/LearnProjMatrix

Threejs/glm (C++)/pyglet/Unity examples for deep understanding of projection matrix (OpenGL)

Primary LanguageHTML

Understand OpenGL projection matrix deeply

[Update:] Previously I only show the black background when I render virtual object, now I add a demo which can render virtual object on an image captured from real world, and all matrices are calculated from images rather than setup manually. Please see real_world_demo.

The code and documents here are used for helping you to fully understand how OpenGL (Threejs/glm/pyglet) projection matrix works.
If you are learning 3d reconstruction (SFM, SLAM)/Augmented Reality, you will learn how to project a 3d point to a 2d screen by camera intrinsic matrix (K) and rotation (R) and translation (t) matrix.

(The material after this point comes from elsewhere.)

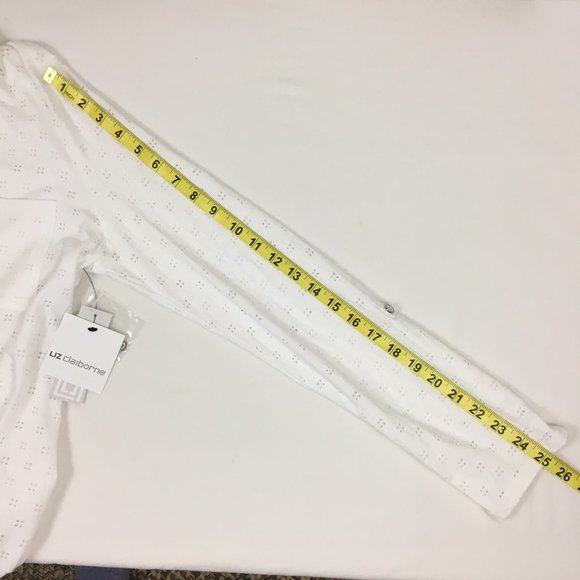 Liz Claiborne Eyelet Roll Cuff Knit Shirt Top Button Up V-Neck - Picture 12 of 12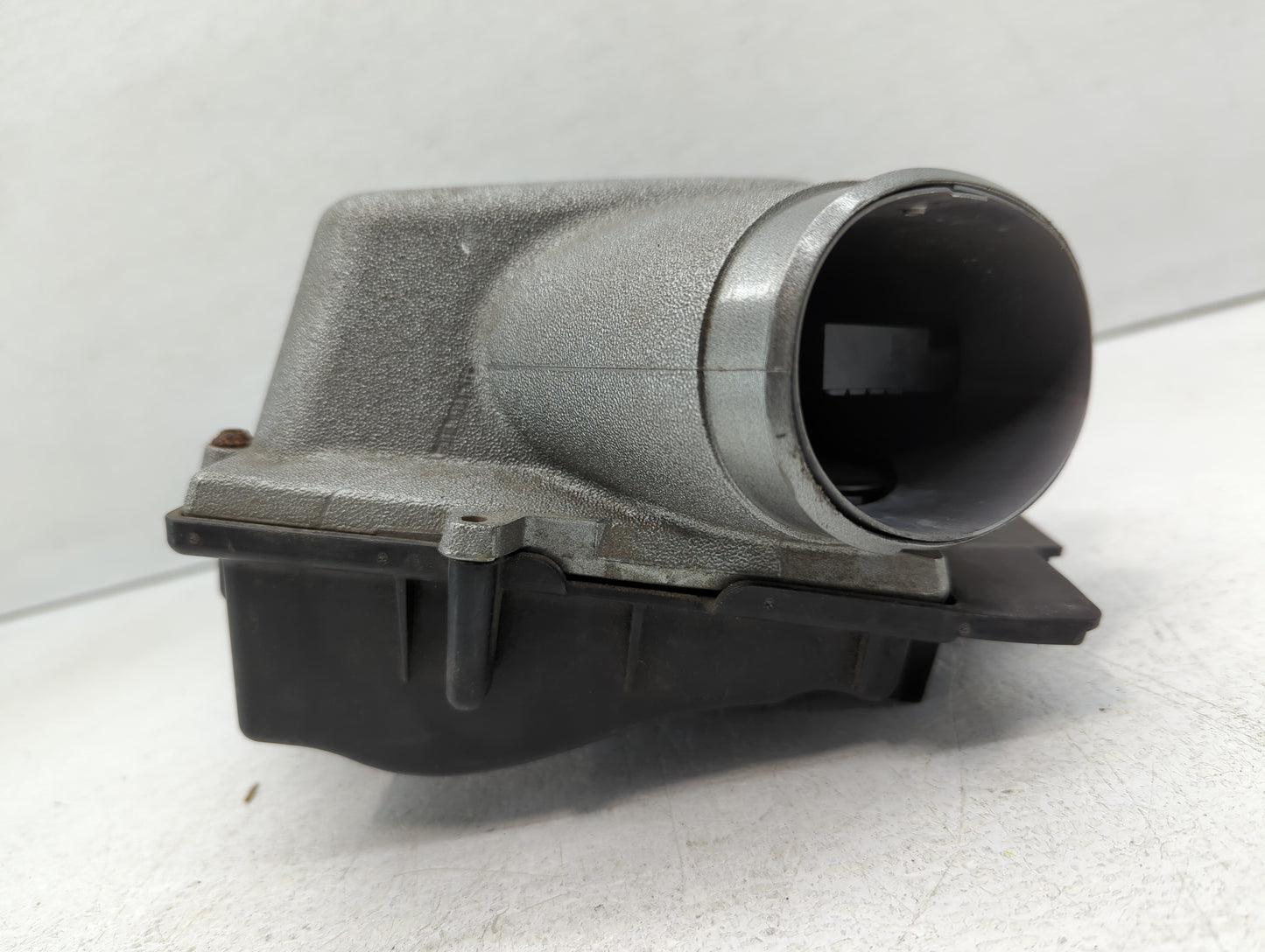 2008-2010 Mercedes-benz S63 Amg Air Cleaner Intake-duct Hose Tube - Oemusedautoparts1.com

$$\begin{pmatrix} u \\ v \\ 1 \end{pmatrix} = K \cdot \left( R \cdot \begin{pmatrix} x \\ y \\ z \end{pmatrix} + t \right) / z_c$$

How can we verify if the calculation is correct or not? We can render 3d points (or 3d models) on the screen and then check where they are.
Given a 3d point (x,y,z) and matrix K, R, t, we should be able to calculate its 2d coordinate (u, v); Then render it by OpenGL (or other engine), we can verify if its position on the screen equals to (u, v) or not.

We may notice that OpenGL doesn't accept matrix K directly but a projection matrix P. So we need to know how to convert K to P. I will show the formulation directly here, for more details about how to derive it, please read: OpenGL_Projection.md or 《OpenGL 投影矩阵与摄像机内参的关系》 and 《OpenGL 投影矩阵设置》.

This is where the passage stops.